5. 頑張りました!
視界を塞がれると同時に何か柔らかい物に包まれる、嗅ぎなれた、良い香り・・・。
「もういいぞ、セイ。」
大好きな声が耳に入り毒気が抜けるように、昂っていた気持ちが収束していく。
「・・・アスタ?」
「もう、大丈夫だ、それにしても、酷い顔になってるな。」
ニコニコと話しかけるアスタが目の前に居る。
「でもアスタ、アイツに・・・。」
さっきの事を思い出し、俯き唇を噛む。
「大丈夫だって言ってるでしょ。ほら見ときな。」
アスタが顔パックでも取る様に、髪の毛の生え際からぺリぺリと皮を捲る。
首の辺りまで、綺麗に、皮が剥がれ、剥いだ皮をポイッっと捨てる。
「ほら、これでバッチイ所は無くなって、綺麗になっただろ?」
それが、幻術だろうと、魔法で造り出したものだろうと、本当の皮だろうと、その時はアスタから汚れが消えた気がして満足だった。
アスタが俺の頬を両手で挟み僕の唇を奪う。アスタの長くて柔らかい舌が卑猥な音を立て、僕の舌に絡みつく。
「ほら、セイ、私の為に頑張ってくれたご褒美だよ。」
再び唇を重ねるとアスタの長い舌を伝い、いつもの甘い蜜が口の中に流し込まれる。
ゴクッ、ゴクッ、と喉を鳴らし、アスタの甘い蜜をを受け入れる。
「おい、俺の事忘れてるんじゃないか?」
立っているのがやっとという感じで、ナキアがフラフラしながらこちらに言葉を投げる。
「そんなもんかよ。俺はまだ立ってるぜ。
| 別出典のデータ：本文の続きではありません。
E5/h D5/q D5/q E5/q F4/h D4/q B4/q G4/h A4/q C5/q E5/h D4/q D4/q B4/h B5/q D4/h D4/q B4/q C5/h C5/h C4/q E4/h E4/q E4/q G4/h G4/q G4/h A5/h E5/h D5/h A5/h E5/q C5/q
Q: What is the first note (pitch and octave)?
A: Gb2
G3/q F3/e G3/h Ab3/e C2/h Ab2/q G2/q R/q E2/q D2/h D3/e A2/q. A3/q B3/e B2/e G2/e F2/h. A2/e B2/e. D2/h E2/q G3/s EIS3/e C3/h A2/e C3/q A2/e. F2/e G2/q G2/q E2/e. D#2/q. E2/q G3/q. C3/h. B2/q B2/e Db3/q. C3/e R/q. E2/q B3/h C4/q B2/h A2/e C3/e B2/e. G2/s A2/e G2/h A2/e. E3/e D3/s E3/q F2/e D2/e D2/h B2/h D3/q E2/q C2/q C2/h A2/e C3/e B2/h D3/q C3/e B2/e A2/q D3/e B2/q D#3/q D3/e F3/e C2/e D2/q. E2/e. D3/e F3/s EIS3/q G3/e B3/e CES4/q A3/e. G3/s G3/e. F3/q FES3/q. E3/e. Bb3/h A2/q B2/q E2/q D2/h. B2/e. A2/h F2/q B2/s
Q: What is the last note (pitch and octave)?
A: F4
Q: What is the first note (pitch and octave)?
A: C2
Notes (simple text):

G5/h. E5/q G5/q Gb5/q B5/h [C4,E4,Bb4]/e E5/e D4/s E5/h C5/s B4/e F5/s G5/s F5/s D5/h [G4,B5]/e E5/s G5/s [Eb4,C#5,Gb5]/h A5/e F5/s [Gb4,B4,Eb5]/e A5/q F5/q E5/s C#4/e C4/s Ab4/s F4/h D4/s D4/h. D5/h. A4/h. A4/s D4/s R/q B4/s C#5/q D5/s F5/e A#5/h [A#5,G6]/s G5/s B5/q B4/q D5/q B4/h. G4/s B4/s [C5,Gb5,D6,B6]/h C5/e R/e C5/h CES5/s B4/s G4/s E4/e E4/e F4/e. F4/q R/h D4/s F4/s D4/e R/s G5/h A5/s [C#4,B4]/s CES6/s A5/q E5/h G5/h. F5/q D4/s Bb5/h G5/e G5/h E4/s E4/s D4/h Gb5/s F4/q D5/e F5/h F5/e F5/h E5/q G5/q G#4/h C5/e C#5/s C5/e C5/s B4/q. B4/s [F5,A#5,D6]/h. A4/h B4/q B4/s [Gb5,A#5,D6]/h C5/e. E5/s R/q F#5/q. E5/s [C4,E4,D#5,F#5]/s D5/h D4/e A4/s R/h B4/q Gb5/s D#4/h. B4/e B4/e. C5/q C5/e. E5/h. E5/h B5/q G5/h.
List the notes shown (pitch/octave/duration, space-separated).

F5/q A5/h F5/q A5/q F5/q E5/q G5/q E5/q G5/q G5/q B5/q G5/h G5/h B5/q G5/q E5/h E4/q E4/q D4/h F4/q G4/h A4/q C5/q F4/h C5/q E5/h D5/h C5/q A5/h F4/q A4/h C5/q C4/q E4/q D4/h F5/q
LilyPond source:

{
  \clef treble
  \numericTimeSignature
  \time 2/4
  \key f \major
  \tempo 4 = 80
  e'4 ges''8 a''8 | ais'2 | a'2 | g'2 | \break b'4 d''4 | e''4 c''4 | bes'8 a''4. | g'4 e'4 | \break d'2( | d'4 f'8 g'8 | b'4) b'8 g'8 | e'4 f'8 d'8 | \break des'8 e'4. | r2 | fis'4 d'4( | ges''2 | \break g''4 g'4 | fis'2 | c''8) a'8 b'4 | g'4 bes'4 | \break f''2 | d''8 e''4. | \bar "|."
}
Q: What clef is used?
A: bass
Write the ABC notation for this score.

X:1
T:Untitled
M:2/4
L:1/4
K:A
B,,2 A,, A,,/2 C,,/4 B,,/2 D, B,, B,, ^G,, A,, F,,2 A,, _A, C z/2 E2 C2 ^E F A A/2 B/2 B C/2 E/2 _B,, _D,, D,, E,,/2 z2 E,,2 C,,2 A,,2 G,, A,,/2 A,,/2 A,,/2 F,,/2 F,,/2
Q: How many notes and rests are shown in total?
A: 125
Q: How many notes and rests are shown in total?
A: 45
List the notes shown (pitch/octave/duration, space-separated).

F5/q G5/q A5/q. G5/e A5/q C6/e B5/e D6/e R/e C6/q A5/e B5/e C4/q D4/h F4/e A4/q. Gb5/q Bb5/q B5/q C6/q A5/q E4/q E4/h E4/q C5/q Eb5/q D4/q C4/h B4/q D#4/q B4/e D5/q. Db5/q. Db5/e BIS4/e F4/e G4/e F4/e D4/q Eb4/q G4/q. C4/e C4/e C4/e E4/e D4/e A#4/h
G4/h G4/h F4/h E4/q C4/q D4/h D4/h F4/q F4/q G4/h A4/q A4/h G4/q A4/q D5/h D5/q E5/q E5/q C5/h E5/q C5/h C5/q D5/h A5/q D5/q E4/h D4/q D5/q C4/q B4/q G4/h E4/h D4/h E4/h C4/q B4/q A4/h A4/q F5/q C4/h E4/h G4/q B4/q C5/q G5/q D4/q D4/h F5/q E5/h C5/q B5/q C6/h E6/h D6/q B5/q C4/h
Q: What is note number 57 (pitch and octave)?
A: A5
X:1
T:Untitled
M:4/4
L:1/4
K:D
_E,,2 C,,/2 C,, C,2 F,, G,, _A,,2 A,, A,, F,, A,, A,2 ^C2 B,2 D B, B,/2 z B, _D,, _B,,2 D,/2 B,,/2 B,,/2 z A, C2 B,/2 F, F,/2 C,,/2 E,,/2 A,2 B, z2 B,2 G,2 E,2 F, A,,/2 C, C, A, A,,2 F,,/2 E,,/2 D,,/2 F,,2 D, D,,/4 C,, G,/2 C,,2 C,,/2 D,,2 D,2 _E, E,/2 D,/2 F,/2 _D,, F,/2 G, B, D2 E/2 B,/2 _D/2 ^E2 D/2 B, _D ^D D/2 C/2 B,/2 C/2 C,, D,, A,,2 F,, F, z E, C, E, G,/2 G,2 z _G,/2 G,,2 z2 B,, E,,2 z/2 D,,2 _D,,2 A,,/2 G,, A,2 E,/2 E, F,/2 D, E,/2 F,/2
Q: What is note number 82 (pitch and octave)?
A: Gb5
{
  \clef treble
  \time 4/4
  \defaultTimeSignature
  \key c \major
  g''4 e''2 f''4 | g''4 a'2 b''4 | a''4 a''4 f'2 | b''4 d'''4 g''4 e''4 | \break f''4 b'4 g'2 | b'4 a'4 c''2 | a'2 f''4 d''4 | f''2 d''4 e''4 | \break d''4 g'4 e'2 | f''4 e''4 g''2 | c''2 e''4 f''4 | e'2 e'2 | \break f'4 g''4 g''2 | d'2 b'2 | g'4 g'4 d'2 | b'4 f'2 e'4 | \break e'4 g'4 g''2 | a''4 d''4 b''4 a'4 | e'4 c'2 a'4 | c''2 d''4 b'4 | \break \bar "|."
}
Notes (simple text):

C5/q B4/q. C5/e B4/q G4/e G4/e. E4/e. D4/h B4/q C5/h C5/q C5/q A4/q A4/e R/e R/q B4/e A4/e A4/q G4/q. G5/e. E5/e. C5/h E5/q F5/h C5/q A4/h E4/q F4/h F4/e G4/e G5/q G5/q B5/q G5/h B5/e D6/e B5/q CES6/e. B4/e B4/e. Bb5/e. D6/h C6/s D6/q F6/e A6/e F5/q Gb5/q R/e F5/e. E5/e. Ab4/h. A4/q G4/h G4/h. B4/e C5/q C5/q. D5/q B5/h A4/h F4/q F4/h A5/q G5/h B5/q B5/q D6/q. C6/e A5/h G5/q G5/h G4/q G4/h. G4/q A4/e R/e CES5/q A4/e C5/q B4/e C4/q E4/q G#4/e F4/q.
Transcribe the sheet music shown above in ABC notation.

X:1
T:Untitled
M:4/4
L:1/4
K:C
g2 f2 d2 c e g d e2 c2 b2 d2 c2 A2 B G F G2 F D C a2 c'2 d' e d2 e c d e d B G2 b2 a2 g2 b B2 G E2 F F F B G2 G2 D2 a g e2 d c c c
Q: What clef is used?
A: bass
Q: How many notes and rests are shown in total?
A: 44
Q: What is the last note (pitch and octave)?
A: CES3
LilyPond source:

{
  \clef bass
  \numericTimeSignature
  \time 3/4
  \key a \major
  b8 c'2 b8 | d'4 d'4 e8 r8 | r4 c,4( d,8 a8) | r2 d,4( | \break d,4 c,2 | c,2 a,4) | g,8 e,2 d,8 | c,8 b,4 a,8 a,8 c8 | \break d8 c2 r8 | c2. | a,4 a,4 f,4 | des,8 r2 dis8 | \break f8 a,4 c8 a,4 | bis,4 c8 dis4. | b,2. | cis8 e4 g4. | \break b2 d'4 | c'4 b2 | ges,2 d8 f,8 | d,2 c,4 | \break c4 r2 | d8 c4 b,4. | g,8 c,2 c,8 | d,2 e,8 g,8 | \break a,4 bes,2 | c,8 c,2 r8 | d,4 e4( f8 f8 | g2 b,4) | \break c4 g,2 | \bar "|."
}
」
僕は一つ深呼吸し、ナキアに手を翳し、口を開く。
「其は閃光、敵を貫き、打ち倒す、一矢の雷、ライトニング。」
「そんな、中級魔法の矢で俺が・・・。」
俺が唱えたのは雷の矢、だが、ナキアの眼前に迫るのは、巨木程あろうかという矢。
貫くと言うより、全身を巨大な雷が駆け抜け、後方へ吹き飛ばされる。
「こ、こんな矢があってたまるか・・・。」
そう言い残し、地面に突っ伏したナキアは意識を手放す。
アスタが俺を抱き締め、クルクルとその場で回る。
アスタが嬉しそうにしているのが、とても嬉しかった。
「セイ、綺麗になったけど、感覚が、まだ残ってるんだ。セイが上書きしてくれ。」
アスタが、少し屈み、髪を束ね、自分の半身をこちらに向ける。
僕はアスタの頬に近づき、ナキアが行った行為を上書きする。出来るだけ強く、自分の感覚が残る様に。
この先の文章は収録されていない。